Amy Holway Jorgensen        Installation Art                       

 

Project X

If you could artificially extend your life to have a longer future, would you? What does life mean if there is no memory of it? What happens when you die? What gives meaning to your life? What have been the most salient experiences thus far in your lifetime? These are just a few of the questions this interactive theater production aims to help the audience answer.


I collaborated with Hand2Mouth Theater to create a number of interactive and time-sensitive installations which served as stations the audience could participate in. A few of these were: an interactive timeline where participants could write down critical moments in their unique past and then tie these experiences to and actual timeline; memory buckets where participants could deposit ‘memory chips’ in the buckets that described specific memories (the most memorable experiences became most obvious at the end of the event); a giant suspended block of ice that melted throughout the course of the event to reveal artifacts that signified the time-sensitive concepts or events.  I also created exhibits for ‘the museum’ which examined the motifs of the show and provided a milieu for the audience.

The Timeline


Participants wrote down memories on tags and then tied each one to the appropriate year. Memories accumulated over the course of the show.

The Museum: Stage I


Far left: DNA sampling station. Participants had to profile their DNA by making a fingerprint and by leaving a piece of hair in a vial which was displayed in front of a lightbox.

Center: Accounts of near death experience.

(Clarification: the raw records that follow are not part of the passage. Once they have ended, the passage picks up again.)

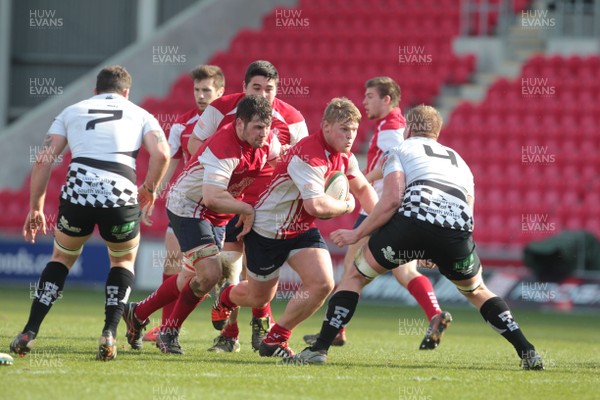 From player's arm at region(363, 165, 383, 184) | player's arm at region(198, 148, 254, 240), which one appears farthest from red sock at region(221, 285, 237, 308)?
player's arm at region(363, 165, 383, 184)

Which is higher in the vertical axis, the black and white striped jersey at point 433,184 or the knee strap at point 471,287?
the black and white striped jersey at point 433,184

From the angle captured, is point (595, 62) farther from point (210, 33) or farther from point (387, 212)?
point (387, 212)

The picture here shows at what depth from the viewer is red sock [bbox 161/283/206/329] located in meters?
7.99

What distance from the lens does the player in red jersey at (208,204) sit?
7.50 m

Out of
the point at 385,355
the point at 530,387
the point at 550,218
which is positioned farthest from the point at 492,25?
the point at 530,387

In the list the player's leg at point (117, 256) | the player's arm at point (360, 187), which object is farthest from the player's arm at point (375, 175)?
the player's leg at point (117, 256)

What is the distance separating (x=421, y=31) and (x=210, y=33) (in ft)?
15.9

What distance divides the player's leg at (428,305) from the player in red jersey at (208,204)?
77.5 inches

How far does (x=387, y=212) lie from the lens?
7344 millimetres

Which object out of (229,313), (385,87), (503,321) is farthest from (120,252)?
(385,87)

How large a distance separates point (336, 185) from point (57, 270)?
2125 millimetres

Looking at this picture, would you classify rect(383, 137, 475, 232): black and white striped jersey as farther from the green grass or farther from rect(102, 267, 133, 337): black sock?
rect(102, 267, 133, 337): black sock

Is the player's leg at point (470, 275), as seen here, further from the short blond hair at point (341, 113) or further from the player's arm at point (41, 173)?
the player's arm at point (41, 173)

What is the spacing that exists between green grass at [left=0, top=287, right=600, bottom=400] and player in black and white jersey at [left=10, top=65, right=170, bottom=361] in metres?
0.42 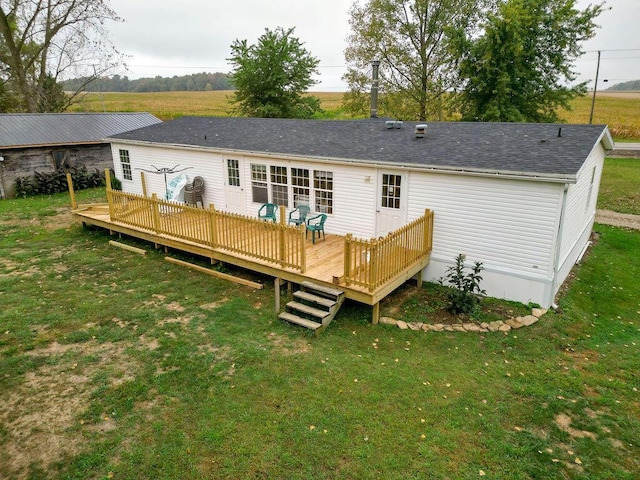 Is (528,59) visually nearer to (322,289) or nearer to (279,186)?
(279,186)

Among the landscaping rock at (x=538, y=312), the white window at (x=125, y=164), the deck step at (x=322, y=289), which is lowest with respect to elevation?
the landscaping rock at (x=538, y=312)

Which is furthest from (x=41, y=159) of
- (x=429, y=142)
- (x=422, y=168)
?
(x=422, y=168)

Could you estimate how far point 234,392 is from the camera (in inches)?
242

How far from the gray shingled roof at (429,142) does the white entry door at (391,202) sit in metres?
0.50

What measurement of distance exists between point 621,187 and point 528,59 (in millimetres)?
9161

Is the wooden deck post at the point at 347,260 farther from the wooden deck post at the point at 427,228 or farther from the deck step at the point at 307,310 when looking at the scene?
the wooden deck post at the point at 427,228

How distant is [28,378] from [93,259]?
5890 millimetres

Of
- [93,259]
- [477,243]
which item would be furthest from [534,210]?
[93,259]

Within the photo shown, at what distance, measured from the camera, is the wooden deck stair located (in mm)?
7992

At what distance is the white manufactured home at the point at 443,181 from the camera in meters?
8.59

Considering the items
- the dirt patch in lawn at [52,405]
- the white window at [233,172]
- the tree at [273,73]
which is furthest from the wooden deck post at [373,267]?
the tree at [273,73]

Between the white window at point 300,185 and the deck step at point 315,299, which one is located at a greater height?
the white window at point 300,185

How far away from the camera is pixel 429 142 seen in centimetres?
1087

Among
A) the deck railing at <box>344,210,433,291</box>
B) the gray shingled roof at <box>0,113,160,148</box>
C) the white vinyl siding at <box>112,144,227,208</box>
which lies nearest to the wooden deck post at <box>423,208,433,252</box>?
the deck railing at <box>344,210,433,291</box>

Participants listened to recorded accounts of near-death while looking at images that provided a visual description of the spoken story.

Right: Lightbox with slides taken from a medical anthology of human health (blood cells, body parts, x-rays, etc.)

The Museum: Stage II


The first appearance of the timeline (far right) and of the memory buckets (center stage). Also included was the evidence of time passing: a melting block of ice with computer chips inside, all of which eventually landed in the receptacle beneath.




Memory Buckets


Each bucket had a memory written on it. If the participant could recall the event, they placed a ‘memory chip’ (a small silver washer) into the bucket. The buckets were suspended with black elastic, revealing which events were most easily recalled and which were forgotten (based on the weight of the memory chips each bucket).